Produce an exact copy of all the records.

[Start of section]

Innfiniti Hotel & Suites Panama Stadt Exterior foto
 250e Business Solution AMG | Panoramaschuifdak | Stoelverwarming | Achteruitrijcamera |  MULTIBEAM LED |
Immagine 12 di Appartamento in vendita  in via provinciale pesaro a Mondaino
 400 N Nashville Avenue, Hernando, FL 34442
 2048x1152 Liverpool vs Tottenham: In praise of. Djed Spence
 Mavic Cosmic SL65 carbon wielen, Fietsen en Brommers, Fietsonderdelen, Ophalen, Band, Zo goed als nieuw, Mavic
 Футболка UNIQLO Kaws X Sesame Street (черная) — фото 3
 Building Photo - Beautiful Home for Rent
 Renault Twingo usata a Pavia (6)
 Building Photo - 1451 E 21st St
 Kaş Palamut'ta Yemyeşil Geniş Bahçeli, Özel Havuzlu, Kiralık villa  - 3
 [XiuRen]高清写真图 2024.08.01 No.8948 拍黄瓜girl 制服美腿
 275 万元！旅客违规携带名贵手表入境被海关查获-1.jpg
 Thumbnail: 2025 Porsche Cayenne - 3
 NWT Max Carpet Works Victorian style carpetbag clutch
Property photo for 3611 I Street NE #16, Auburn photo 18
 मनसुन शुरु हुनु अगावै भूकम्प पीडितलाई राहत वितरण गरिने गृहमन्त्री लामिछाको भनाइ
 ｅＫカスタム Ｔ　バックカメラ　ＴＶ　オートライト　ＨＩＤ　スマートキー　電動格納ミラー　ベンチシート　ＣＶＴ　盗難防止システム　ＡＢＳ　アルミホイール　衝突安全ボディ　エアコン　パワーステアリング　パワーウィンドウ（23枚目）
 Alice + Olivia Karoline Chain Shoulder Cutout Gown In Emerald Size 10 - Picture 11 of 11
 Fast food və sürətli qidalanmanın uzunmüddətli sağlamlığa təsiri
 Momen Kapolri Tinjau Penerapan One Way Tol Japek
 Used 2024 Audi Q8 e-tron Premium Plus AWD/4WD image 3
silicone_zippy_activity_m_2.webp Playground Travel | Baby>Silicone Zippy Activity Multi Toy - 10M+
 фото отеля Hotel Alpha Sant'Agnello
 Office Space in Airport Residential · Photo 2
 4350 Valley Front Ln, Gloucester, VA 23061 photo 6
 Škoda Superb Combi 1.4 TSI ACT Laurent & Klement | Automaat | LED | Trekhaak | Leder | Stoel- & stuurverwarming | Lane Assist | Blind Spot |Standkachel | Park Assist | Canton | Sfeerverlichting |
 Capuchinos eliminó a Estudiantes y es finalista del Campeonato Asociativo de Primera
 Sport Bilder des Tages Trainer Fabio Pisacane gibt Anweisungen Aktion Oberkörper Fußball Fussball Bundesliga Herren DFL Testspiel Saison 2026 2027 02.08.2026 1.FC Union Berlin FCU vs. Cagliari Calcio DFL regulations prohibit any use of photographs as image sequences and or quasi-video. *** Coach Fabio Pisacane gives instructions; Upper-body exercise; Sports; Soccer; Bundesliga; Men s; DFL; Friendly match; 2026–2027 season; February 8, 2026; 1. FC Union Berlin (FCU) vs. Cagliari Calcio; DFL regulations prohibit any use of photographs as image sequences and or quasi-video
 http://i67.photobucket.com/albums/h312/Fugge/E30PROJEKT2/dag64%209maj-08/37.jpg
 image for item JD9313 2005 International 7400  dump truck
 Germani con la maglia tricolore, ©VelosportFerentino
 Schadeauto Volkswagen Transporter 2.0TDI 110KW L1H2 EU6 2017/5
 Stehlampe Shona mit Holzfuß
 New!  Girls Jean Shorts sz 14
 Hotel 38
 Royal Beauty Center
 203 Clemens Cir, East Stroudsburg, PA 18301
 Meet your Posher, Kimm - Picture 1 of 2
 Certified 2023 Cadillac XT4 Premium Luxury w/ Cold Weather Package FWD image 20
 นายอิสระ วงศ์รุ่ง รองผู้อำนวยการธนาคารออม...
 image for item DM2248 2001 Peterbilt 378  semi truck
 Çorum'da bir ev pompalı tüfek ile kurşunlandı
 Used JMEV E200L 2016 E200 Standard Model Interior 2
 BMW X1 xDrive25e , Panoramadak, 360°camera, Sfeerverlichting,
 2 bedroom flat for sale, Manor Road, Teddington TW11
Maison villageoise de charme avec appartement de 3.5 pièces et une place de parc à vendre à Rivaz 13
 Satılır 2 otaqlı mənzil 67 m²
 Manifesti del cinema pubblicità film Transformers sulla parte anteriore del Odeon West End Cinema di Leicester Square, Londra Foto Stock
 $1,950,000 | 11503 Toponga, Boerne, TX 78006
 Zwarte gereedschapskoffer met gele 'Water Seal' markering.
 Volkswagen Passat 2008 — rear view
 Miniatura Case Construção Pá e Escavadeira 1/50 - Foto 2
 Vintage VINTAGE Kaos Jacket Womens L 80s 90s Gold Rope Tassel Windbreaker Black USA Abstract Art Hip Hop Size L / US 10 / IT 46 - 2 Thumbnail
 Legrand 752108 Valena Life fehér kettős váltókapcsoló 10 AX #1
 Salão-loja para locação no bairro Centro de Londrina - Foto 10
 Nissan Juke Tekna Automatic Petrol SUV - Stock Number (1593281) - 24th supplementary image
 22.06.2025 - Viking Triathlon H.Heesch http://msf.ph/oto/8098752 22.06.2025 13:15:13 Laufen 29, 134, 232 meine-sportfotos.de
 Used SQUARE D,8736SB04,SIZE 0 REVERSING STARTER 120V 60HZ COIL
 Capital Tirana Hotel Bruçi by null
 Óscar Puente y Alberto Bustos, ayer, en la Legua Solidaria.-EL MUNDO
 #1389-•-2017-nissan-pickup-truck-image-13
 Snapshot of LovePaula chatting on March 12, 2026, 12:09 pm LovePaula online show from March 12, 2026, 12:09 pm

[End of section]

• _Problem solution_
Innfiniti Hotel & Suites Panama Stadt Exterior foto
 250e Business Solution AMG | Panoramaschuifdak | Stoelverwarming | Achteruitrijcamera |  MULTIBEAM LED |
Immagine 12 di Appartamento in vendita  in via provinciale pesaro a Mondaino
 400 N Nashville Avenue, Hernando, FL 34442
 2048x1152 Liverpool vs Tottenham: In praise of. Djed Spence
 Mavic Cosmic SL65 carbon wielen, Fietsen en Brommers, Fietsonderdelen, Ophalen, Band, Zo goed als nieuw, Mavic
 Футболка UNIQLO Kaws X Sesame Street (черная) — фото 3
 Building Photo - Beautiful Home for Rent
 Renault Twingo usata a Pavia (6)
 Building Photo - 1451 E 21st St
 Kaş Palamut'ta Yemyeşil Geniş Bahçeli, Özel Havuzlu, Kiralık villa  - 3
 [XiuRen]高清写真图 2024.08.01 No.8948 拍黄瓜girl 制服美腿
 275 万元！旅客违规携带名贵手表入境被海关查获-1.jpg
 Thumbnail: 2025 Porsche Cayenne - 3
 NWT Max Carpet Works Victorian style carpetbag clutch
Property photo for 3611 I Street NE #16, Auburn photo 18
 मनसुन शुरु हुनु अगावै भूकम्प पीडितलाई राहत वितरण गरिने गृहमन्त्री लामिछाको भनाइ
 ｅＫカスタム Ｔ　バックカメラ　ＴＶ　オートライト　ＨＩＤ　スマートキー　電動格納ミラー　ベンチシート　ＣＶＴ　盗難防止システム　ＡＢＳ　アルミホイール　衝突安全ボディ　エアコン　パワーステアリング　パワーウィンドウ（23枚目）
 Alice + Olivia Karoline Chain Shoulder Cutout Gown In Emerald Size 10 - Picture 11 of 11
 Fast food və sürətli qidalanmanın uzunmüddətli sağlamlığa təsiri
 Momen Kapolri Tinjau Penerapan One Way Tol Japek
 Used 2024 Audi Q8 e-tron Premium Plus AWD/4WD image 3
silicone_zippy_activity_m_2.webp Playground Travel | Baby>Silicone Zippy Activity Multi Toy - 10M+
 фото отеля Hotel Alpha Sant'Agnello
 Office Space in Airport Residential · Photo 2
 4350 Valley Front Ln, Gloucester, VA 23061 photo 6
 Škoda Superb Combi 1.4 TSI ACT Laurent & Klement | Automaat | LED | Trekhaak | Leder | Stoel- & stuurverwarming | Lane Assist | Blind Spot |Standkachel | Park Assist | Canton | Sfeerverlichting |
 Capuchinos eliminó a Estudiantes y es finalista del Campeonato Asociativo de Primera
 Sport Bilder des Tages Trainer Fabio Pisacane gibt Anweisungen Aktion Oberkörper Fußball Fussball Bundesliga Herren DFL Testspiel Saison 2026 2027 02.08.2026 1.FC Union Berlin FCU vs. Cagliari Calcio DFL regulations prohibit any use of photographs as image sequences and or quasi-video. *** Coach Fabio Pisacane gives instructions; Upper-body exercise; Sports; Soccer; Bundesliga; Men s; DFL; Friendly match; 2026–2027 season; February 8, 2026; 1. FC Union Berlin (FCU) vs. Cagliari Calcio; DFL regulations prohibit any use of photographs as image sequences and or quasi-video
 http://i67.photobucket.com/albums/h312/Fugge/E30PROJEKT2/dag64%209maj-08/37.jpg
 image for item JD9313 2005 International 7400  dump truck
 Germani con la maglia tricolore, ©VelosportFerentino
 Schadeauto Volkswagen Transporter 2.0TDI 110KW L1H2 EU6 2017/5
 Stehlampe Shona mit Holzfuß
 New!  Girls Jean Shorts sz 14
 Hotel 38
 Royal Beauty Center
 203 Clemens Cir, East Stroudsburg, PA 18301
 Meet your Posher, Kimm - Picture 1 of 2
 Certified 2023 Cadillac XT4 Premium Luxury w/ Cold Weather Package FWD image 20
 นายอิสระ วงศ์รุ่ง รองผู้อำนวยการธนาคารออม...
 image for item DM2248 2001 Peterbilt 378  semi truck
 Çorum'da bir ev pompalı tüfek ile kurşunlandı
 Used JMEV E200L 2016 E200 Standard Model Interior 2
 BMW X1 xDrive25e , Panoramadak, 360°camera, Sfeerverlichting,
 2 bedroom flat for sale, Manor Road, Teddington TW11
Maison villageoise de charme avec appartement de 3.5 pièces et une place de parc à vendre à Rivaz 13
 Satılır 2 otaqlı mənzil 67 m²
 Manifesti del cinema pubblicità film Transformers sulla parte anteriore del Odeon West End Cinema di Leicester Square, Londra Foto Stock
 $1,950,000 | 11503 Toponga, Boerne, TX 78006
 Zwarte gereedschapskoffer met gele 'Water Seal' markering.
 Volkswagen Passat 2008 — rear view
 Miniatura Case Construção Pá e Escavadeira 1/50 - Foto 2
 Vintage VINTAGE Kaos Jacket Womens L 80s 90s Gold Rope Tassel Windbreaker Black USA Abstract Art Hip Hop Size L / US 10 / IT 46 - 2 Thumbnail
 Legrand 752108 Valena Life fehér kettős váltókapcsoló 10 AX #1
 Salão-loja para locação no bairro Centro de Londrina - Foto 10
 Nissan Juke Tekna Automatic Petrol SUV - Stock Number (1593281) - 24th supplementary image
 22.06.2025 - Viking Triathlon H.Heesch http://msf.ph/oto/8098752 22.06.2025 13:15:13 Laufen 29, 134, 232 meine-sportfotos.de
 Used SQUARE D,8736SB04,SIZE 0 REVERSING STARTER 120V 60HZ COIL
 Capital Tirana Hotel Bruçi by null
 Óscar Puente y Alberto Bustos, ayer, en la Legua Solidaria.-EL MUNDO
 #1389-•-2017-nissan-pickup-truck-image-13
 Snapshot of LovePaula chatting on March 12, 2026, 12:09 pm LovePaula online show from March 12, 2026, 12:09 pm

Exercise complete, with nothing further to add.